Friday, May 16, 2014

Kalbimiz Soma'da: How to help families of Soma mine disaster victims

Since news broke Tuesday of a deadly explosion in a coal mine in Soma, a town in Turkey's Manisa province, the country has been plunged into deep mourning as the number of fatalities climbed to at least 283, making it the deadliest industrial disaster in Turkey's history.

That grief, however, has also been accompanied by frustration and anger as details of the working conditions at the mine, Turkey's overall poor workplace safety record, and the prime minister and other government officials' callous-at-best response to the tragedy have become public.

Across the country, events have been canceled out of respect for the dead, protests held to demand justice, and signs of solidarity posted in windows everywhere from supermarkets to bars, office building to taxicabs. Relief initiatives are also being set up to help the families of the Soma victims. Here are some ways you can show that "Soma Madencisi Yalnız Değil" (Soma Miners Are Not Alone) and "Kalbimiz Soma'da" (Our Hearts Are In Soma):

TPF Soma Disaster Relief Fund
The U.S.-based Turkish Philanthropy Funds, which specializes in "high-impact social investments in Turkey," is collecting donations to be distributed to miners' families through targeted grants to the organization's well-regarded local NGO partners.
(Update: Turkish Philanthropy Funds is also using the Global Giving website to make it easier for U.S.-based supporters to donate via text message, check, stock donation, or monthly recurring donation.)

Soma Mining Disaster Relief Fund
Acclaimed Turkish scientist and conservationist Çağan Şekercioğlu has set up an online campaign to raise funds for families of the mine victims, many of whom hailed from his home province, nearby Balıkesir. Şekercioğlu, whose environmental work I've covered in the past, will deliver 100 per cent of the funds directly to needy families, many of which have no breadwinners left after the disaster and are facing bankruptcy.
(Update: The first batch of donations were delivered one week after the disaster to 11 families in the small, but hard-hit village of Elmadere. The money will help sustain families until government pensions kick in. Şekercioğlu will make another visit to the affected area at the end of June to distribute the remaining funds. He can also help facilitate donations for the ongoing legal expenses that will be incurred in lawsuits against the mining company.)

Soma için Gençlik Burs Fonu (Soma Youth Scholarship Fund)
Toplum Gönüllüleri Vakfı (Community Volunteers Foundation), a partner organization of the charity running group Adım Adım, has created a Soma Youth Scholarship Fund to help fund the education of students who lost a close family member in the mine disaster.
If you know of any other reliable, worthy groups collecting donations or offering other assistance to Soma miners' families, please let me know and I'll keep updating the list.
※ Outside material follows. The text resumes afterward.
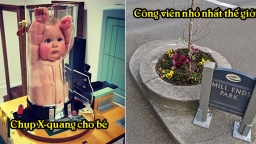 12 bức ảnh siêu hiếm về những điều thú vị trong cuộc sống giúp bạn mở mang đầu óc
Soma İçin Müzik (Music for Soma)
Turkish music promoter Pozitif Live will be donating ticket revenues from its June concerts -- the One Love Festival, Travis, Bob Dylan, Travis, and the Pixies -- to help families who lost their loved ones in the Soma disaster.

Other options
For those who read Turkish, the news site Haberturk, entertainment site, and family travel blog Gezgin Anne have each put together fairly long (and in many cases overlapping) lists of organizations that have started Soma relief campaigns. I haven't independently verified the trustworthiness of those not already mentioned, so any reader input on those that do (or do not) merit support would be appreciated.

Thursday, May 15, 2014

Yorumsuz (No comment)

"Please give me your blessings, son."
     -- Note found in the hand of a miner who died in this week's Soma mine disaster near İzmir, Turkey

"Let me take my boots off, the stretcher shouldn't get dirty."

"Mahmut didn't get out. Mahmut couldn't get out… Leave me, I'm alone, take him. His wife is pregnant..."
     -- Rescued miner

# # # 

"Explosions like this in these mines happen all the time. It's not like these don't happen elsewhere in the world."
    -- Turkish Prime Minister Recep Tayyip Erdoğan, visiting the Soma diaster site

"Those who survived Soma were the ones who used their minds."
   -- İzmir Deputy Governor Mustafa Harputlu, a member of Erdoğan's ruling party

"The rumors that a 15-year-old died in the mine was false. He was 19. That's good news."